There are vases sprouting hands, puckered lips and, in one instance, a relief of a slack-jawed male face for ever paralysed at the moment of orgasm. There are ceramic sex toys and recreations of the artist’s dirty polaroids; disembodied fragments of plaster carrying conjoined likenesses of the couple, their faces and groins contorted, stretched and deformed to grotesque proportions. It’s all deeply personal and, for art that aspires to surrealism, weirdly literal-minded. Mendick has clearly felt an Emin-like urge to disclose the most intimate details of her private life, which to most of us won’t be very interesting. In other words I hated the show. Mostly because it embodies everything I hate about British art but also because I sense that, with a bit of editing, Mendick might well produce something genuinely interesting.
Further down the coast, Bexhill’s De La Warr pavilion is currently playing host to a so-so touring show that nevertheless contains some fabulous moments. Its curator is the painter Lynette Yiadom-Boakye (b.1977), whose ambiguous, wilfully anachronistic portraits of imaginary black figures long ago became a fixture of blue-chip collections. Her own works are hung – ‘in conversation’ – among pieces by her heroes and contemporaries, and not much of it makes any sense.
The major exception comes with a handful of pictures by Walter Sickert that look superb in the context – and return the compliment to Yiadom-Boakye’s own paintings. Looking at a terrifically murky Sickert self-portrait here, you start to realise quite how closely his admirer has studied his efforts, consciously mimicking her forebear’s rough brush strokes and palette, as well as the unreadable, glowering intensity of his subjects’ expressions.
Back in London, I get the distinct sense that the art dealers have already switched to high-summer autopilot. So it was that I ended up at the Newport Street Gallery, at once a fabulous space and the capital’s most ludicrous cultural institution. It’s essentially a private museum belonging to Damien Hirst, who opened it to great fanfare in 2015 and initially staged some fun shows of works from his own, vast collection. The quality dropped off and Hirst handed curatorial duties to his son.
Its latest non-event of an exhibition is a showcase for the art of the musician Jack White, formerly of garage-rock duo the White Stripes. Back in his early-2000s heyday, White displayed a distinct and mildly creepy aesthetic sensibility, one that somehow met the twain between the formal purity of Mondrian and the unplaceable unease of Grant Wood’s ‘American Gothic’. I couldn’t for the life of me envisage a situation in which White’s show might be any good, but I held vague hopes that it might at least be entertaining.

It isn’t, and I don’t recommend it.
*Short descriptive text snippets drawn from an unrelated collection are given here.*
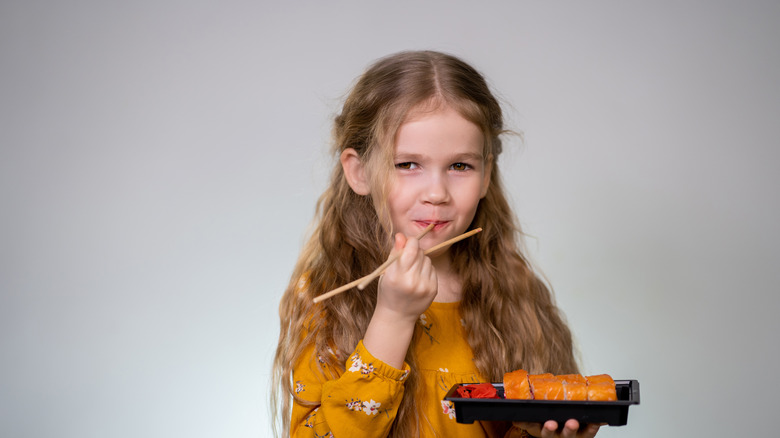 A child sucking the end of a chopstick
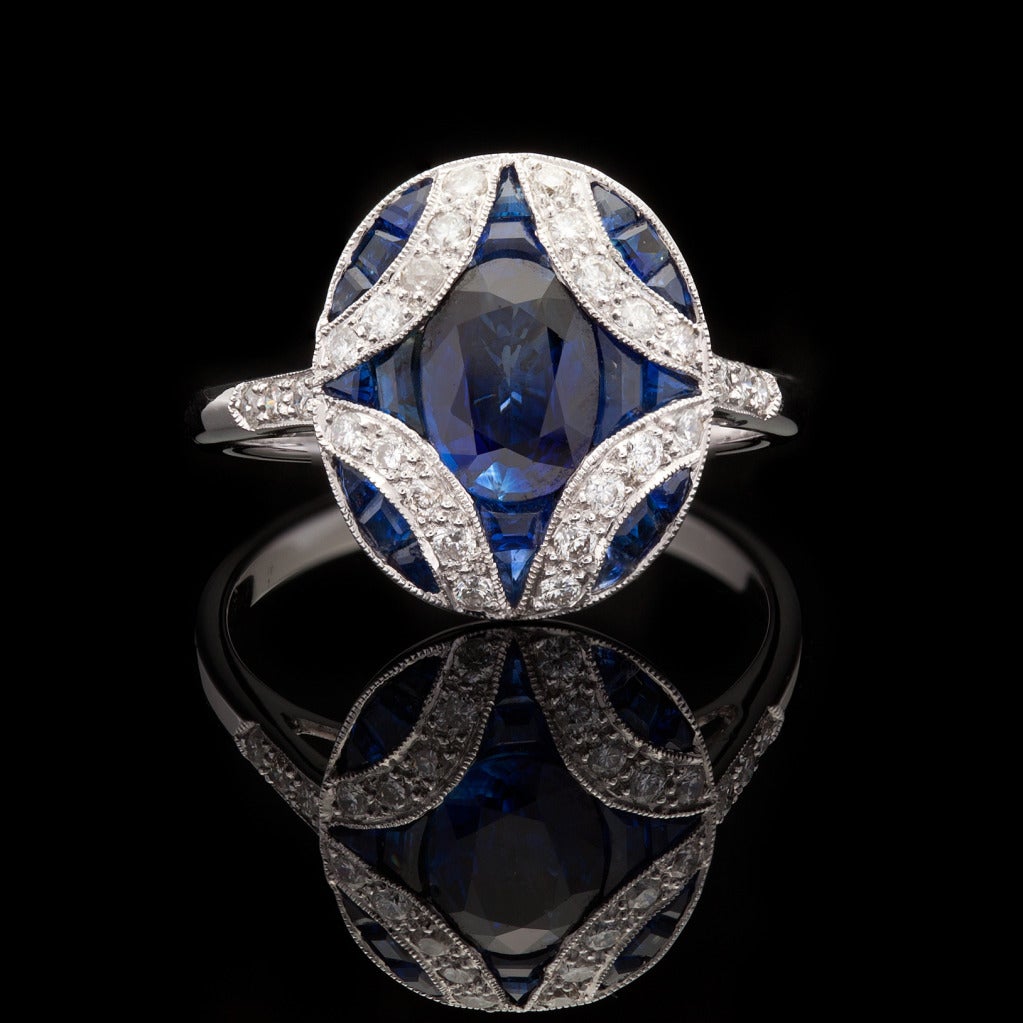 18Kt White Gold Ring with Mixed Cut Blue Sapphires for a total approximate weight of 1.98cts accented by 26 Round Brilliant Cut Diamonds with a weight of 0.36cts.  Ring is a size 7.25 and weighs 4.0 grams.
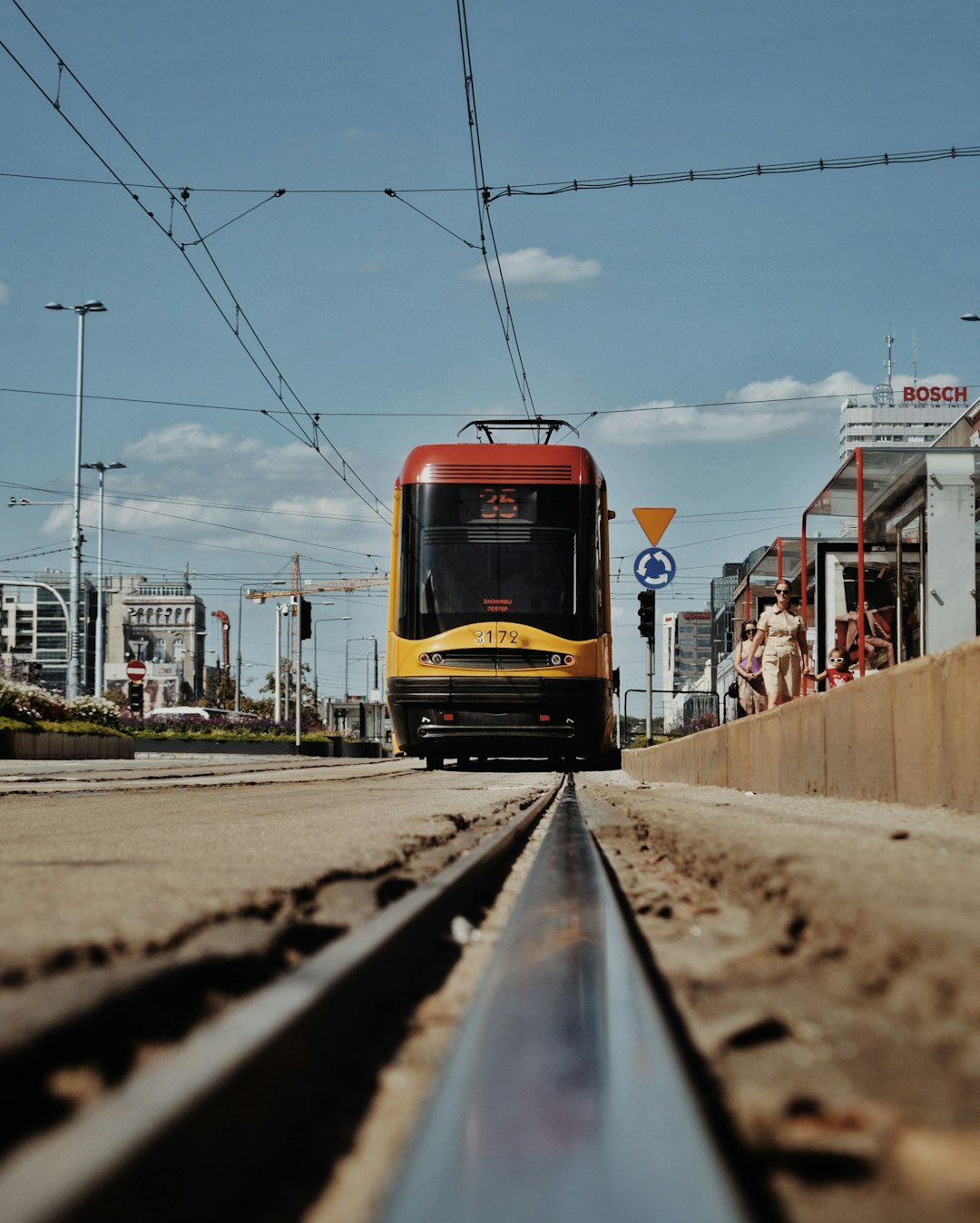 red and yellow train on rail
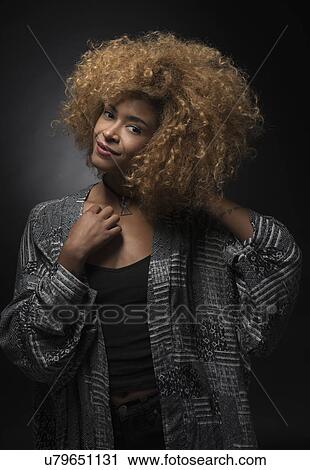 Portrait of smiling blond woman on black background View Large Photo Image Stock Image - Portrait of smiling blond woman on black background. Fotosearch
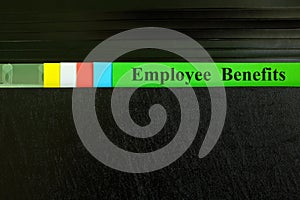 Benefits file in black binder folder. Human resources business concept.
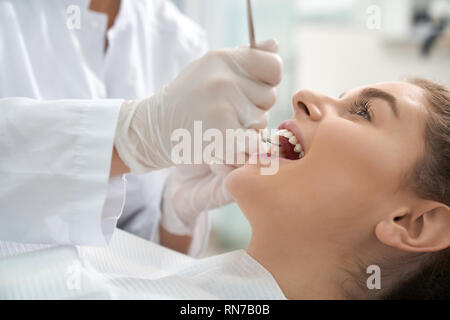 Primo piano della donna sdraiata sulla poltrona odontoiatrica con la bocca aperta e dentista in bianco guanti protettivi di esaminare i denti. Paziente di sesso femminile il trattamento e la cura sui denti. Concetto stomatologia e salute. Foto Stock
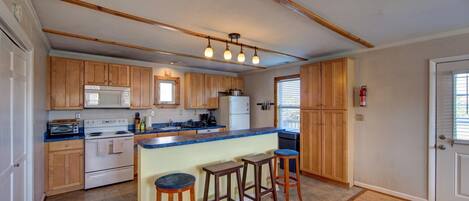A kitchen with wooden cabinets, a central island with stools, a microwave, a stove, and a refrigerator.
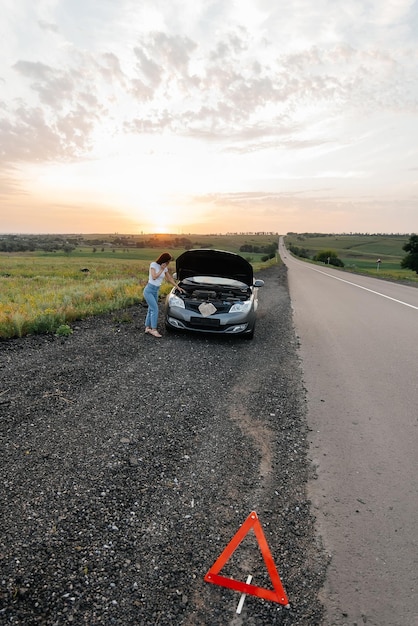 Una niña se para cerca de un auto roto en medio de la carretera durante la puesta de sol e intenta pedir ayuda por teléfono y encender el auto Esperando ayuda Servicio de auto Desglose de auto en la carretera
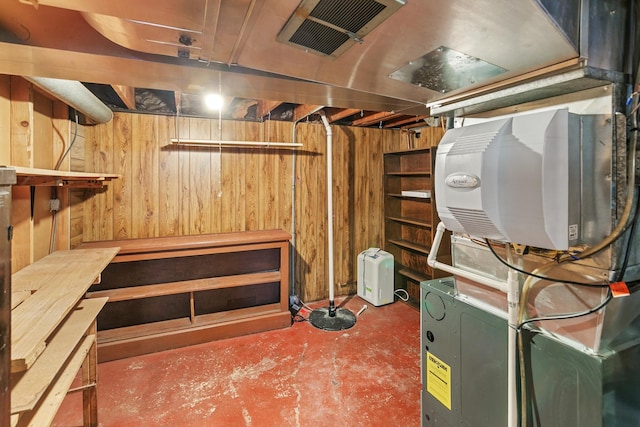 basement featuring wood walls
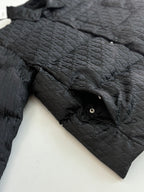 Dior long puffer jacket, dark navy, shoulder and sleeve close-up with stand collar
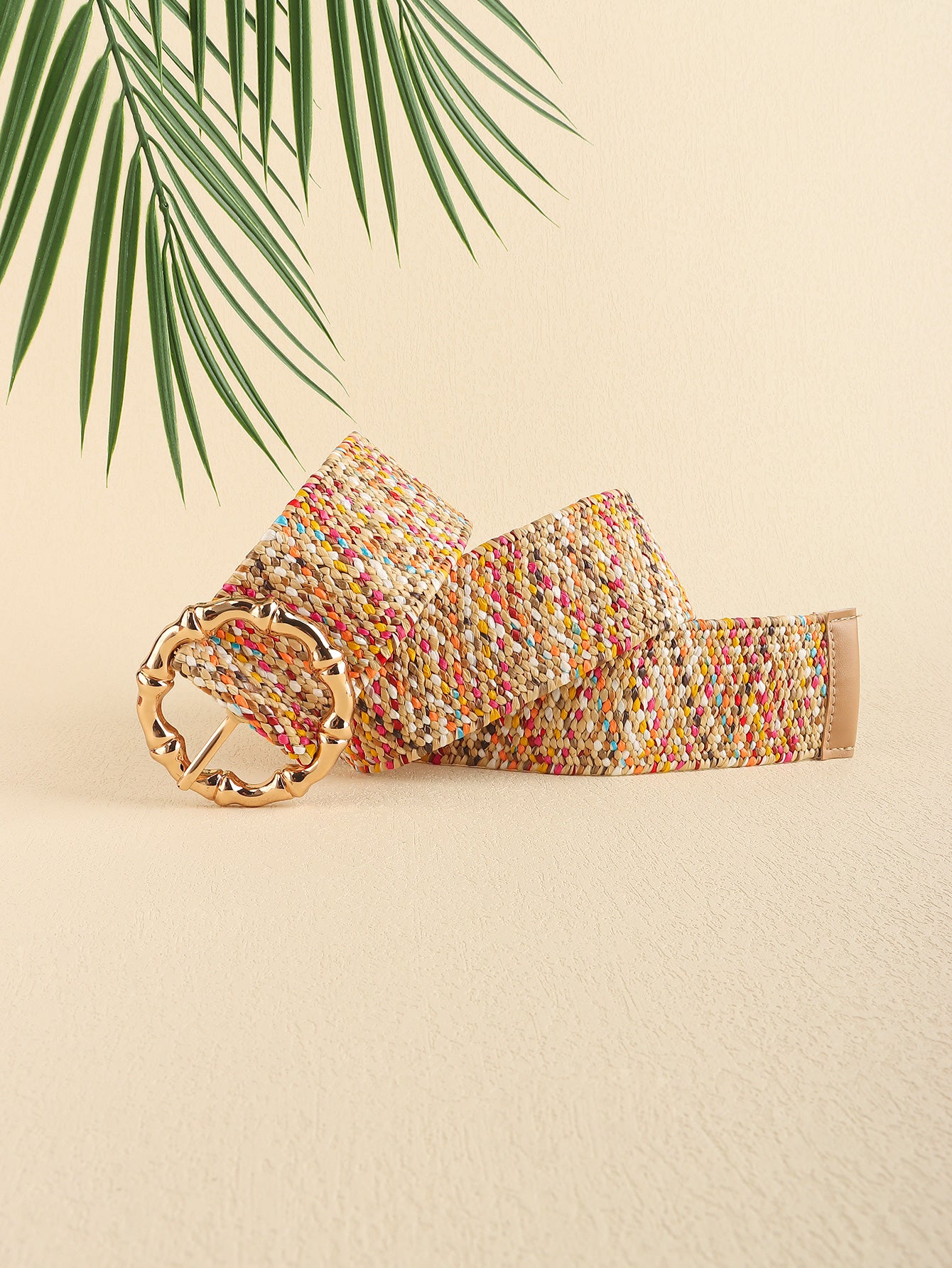 Multicolored woven belt with a gold buckle on a beige background with palm leaves.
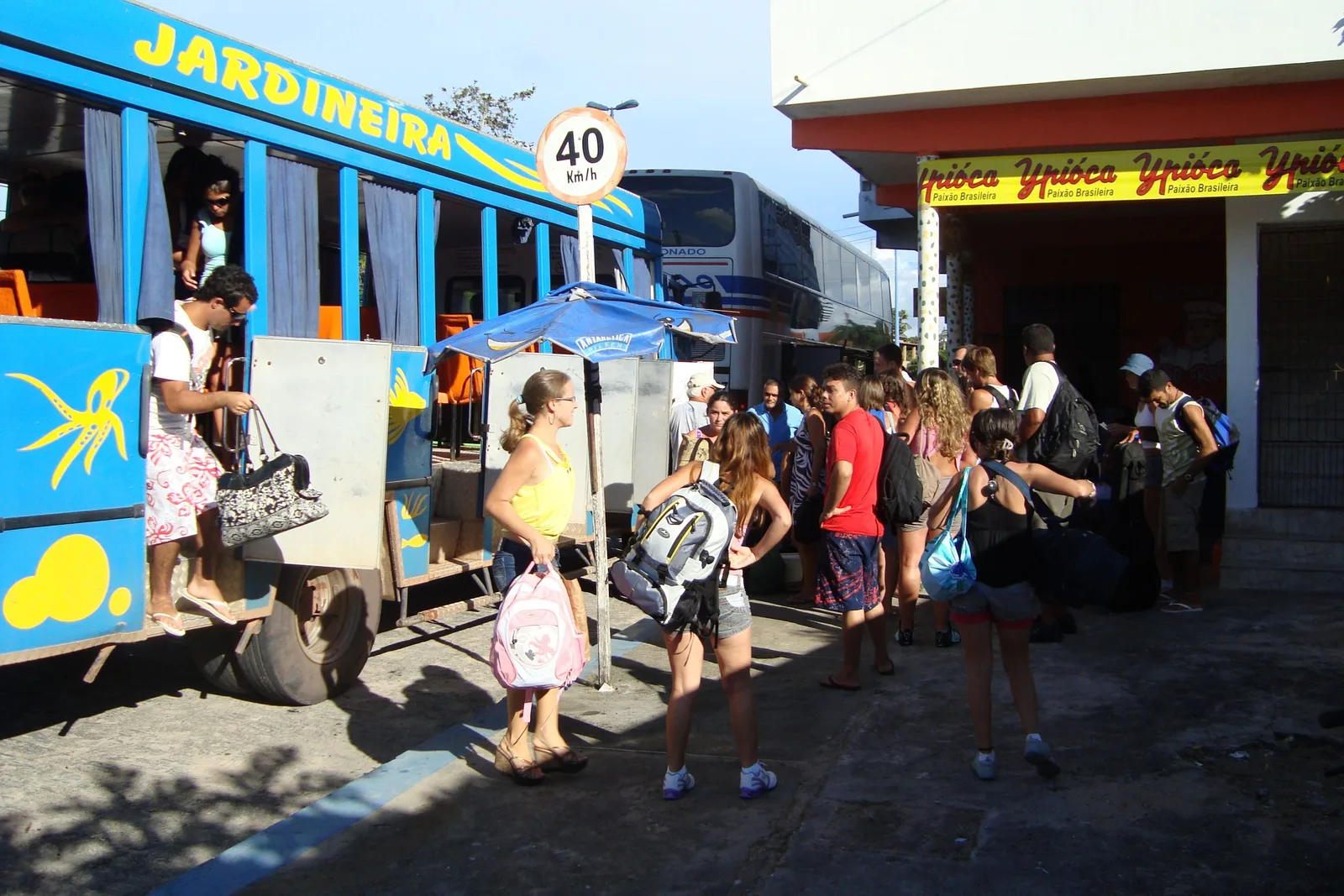 Passengers with bags boarding a blue open-sided 4x4 jardineira truck marked with its route, parked outside a shopfront in the sun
White has variously installed a gargantuan, traffic light-red sculpture of a tree in the gallery’s stairwell; turned a load of wooden palettes into platforms for some lame assemblages; and commissioned an army of sculptures based on a charity-shop figurine of a ukelele-strumming hillbilly. You could cruise through the show in ten minutes, or you could – as I did, out of duty – spend a full two hours therein. It wouldn’t make the slightest difference to your appreciation of an inert show still far from being the gallery’s worst.
None of this bothered me remotely, but I do suspect that Hirst and Son could use the building and its excellent exhibition spaces for purposes more useful. I realise that planning applications may be a concern, but they could, for instance, repurpose it as a studio complex for emerging artists. They could also follow the smart money and torch the place, pocketing a hefty insurance payout in
the process.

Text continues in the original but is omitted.